**Brief descriptive captions:**
· · · · ·

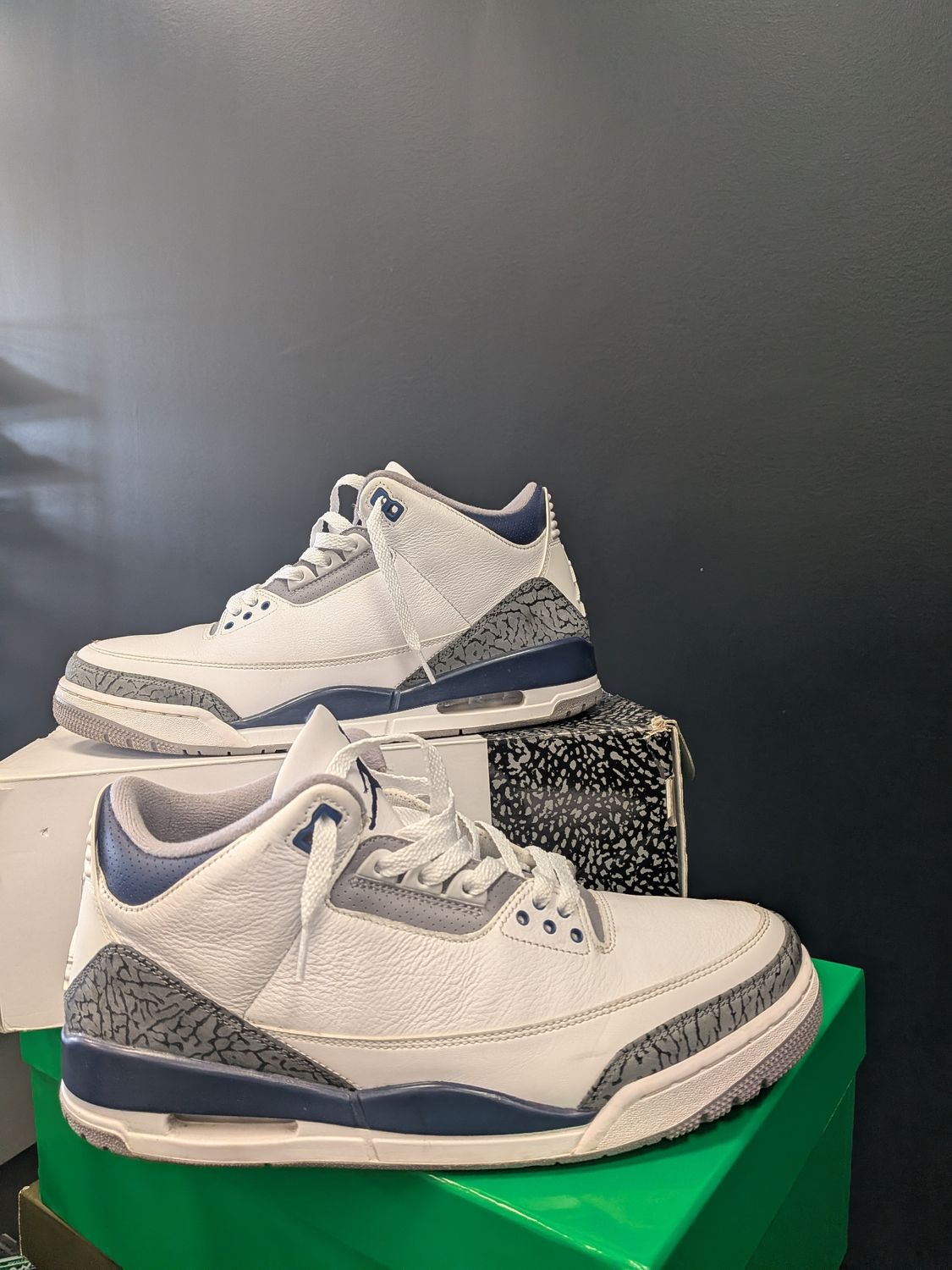 Jordan 3 Midnight Navy w/ Box Sz 12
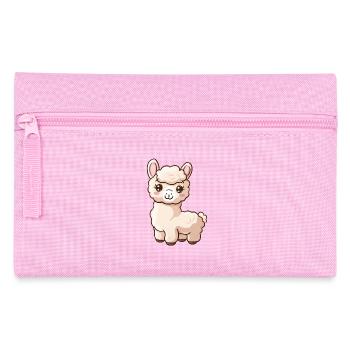 Cute alpaca motif for animal lovers - Pencil Case - pink - Front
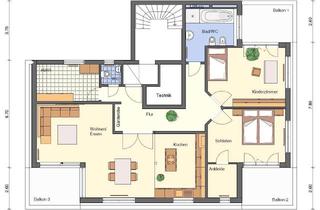 Wohnung mieten in Tattersallstraße 35, 68165 Schwetzingerstadt, Dachgeschosswohnung im Zentrum Mannheims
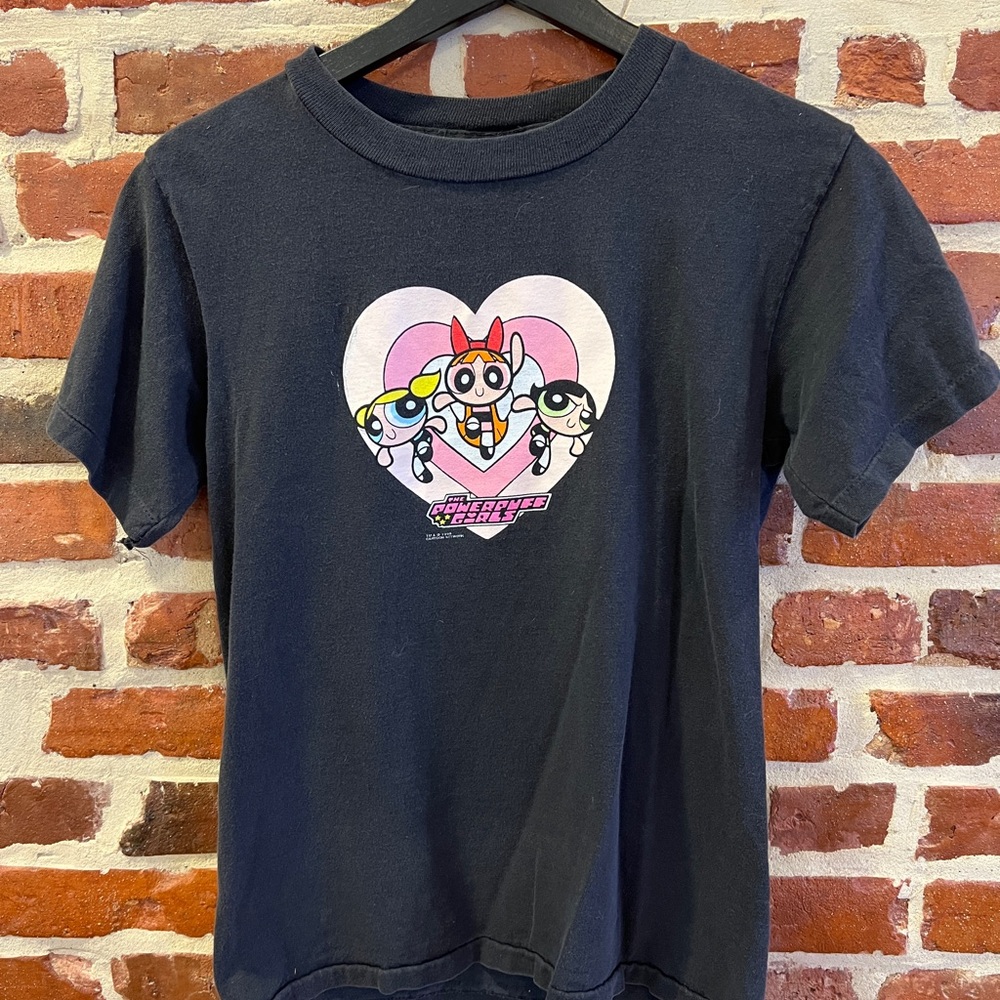 Laconia 1999 Motor Cycle Races Vintage Black Powerpuff Girls T-Shirt
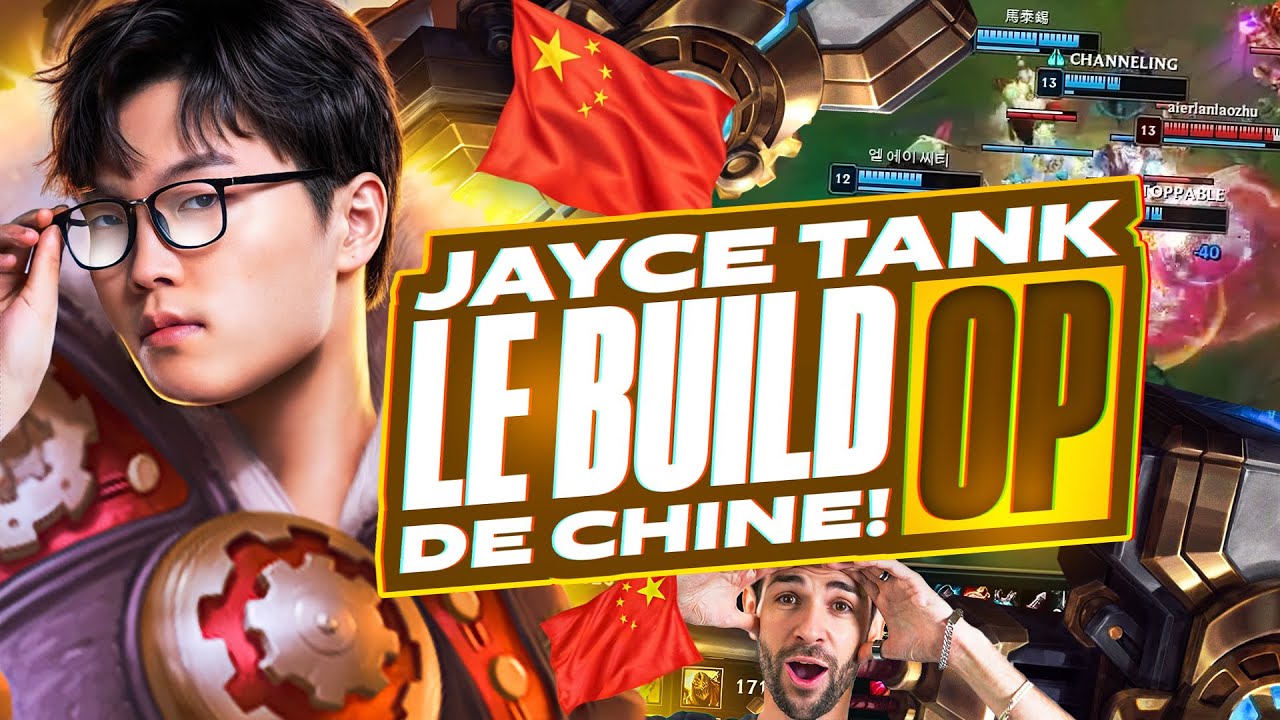 JAYCE TANK🔥BIN ABUSE DU NOUVEAU BUILD OP DE CHINE🔥(MASTERCLASS)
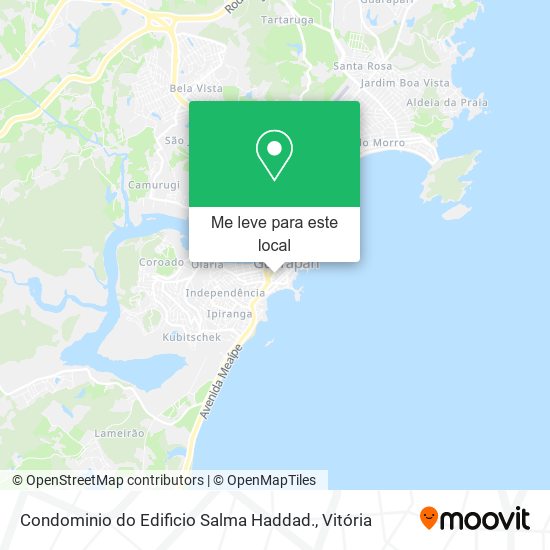 Condominio do Edificio Salma Haddad. mapa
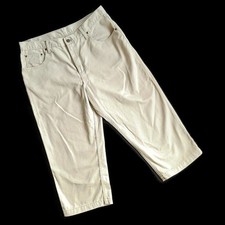 LL Bean Women's Capri Pants Sz 16P Petite 100 Cotton Khaki Tan Beige Cropped
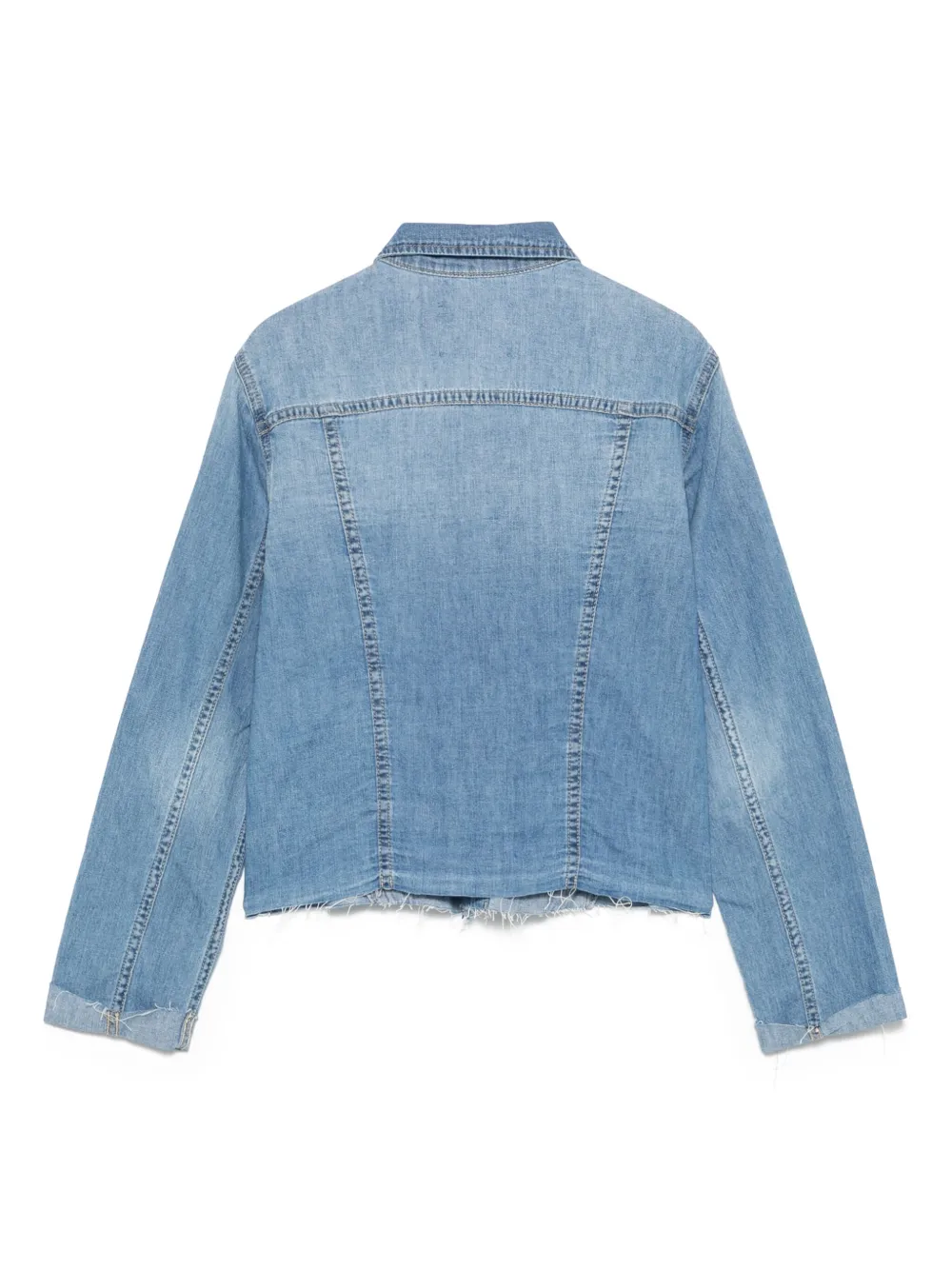 L'Agence Denim jack verfraaid met afwerking Blauw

· · · · ·

**PROBLEM STATEMENT:**
Each entry above should be copied exactly. The pictures should not.

**RESPONSE:**
 Jordan 3 Midnight Navy w/ Box Sz 12
 Cute alpaca motif for animal lovers - Pencil Case - pink - Front
 Wohnung mieten in Tattersallstraße 35, 68165 Schwetzingerstadt, Dachgeschosswohnung im Zentrum Mannheims
 Laconia 1999 Motor Cycle Races Vintage Black Powerpuff Girls T-Shirt
 JAYCE TANK🔥BIN ABUSE DU NOUVEAU BUILD OP DE CHINE🔥(MASTERCLASS)
 Condominio do Edificio Salma Haddad. mapa
 LL Bean Women's Capri Pants Sz 16P Petite 100 Cotton Khaki Tan Beige Cropped
 L'Agence Denim jack verfraaid met afwerking Blauw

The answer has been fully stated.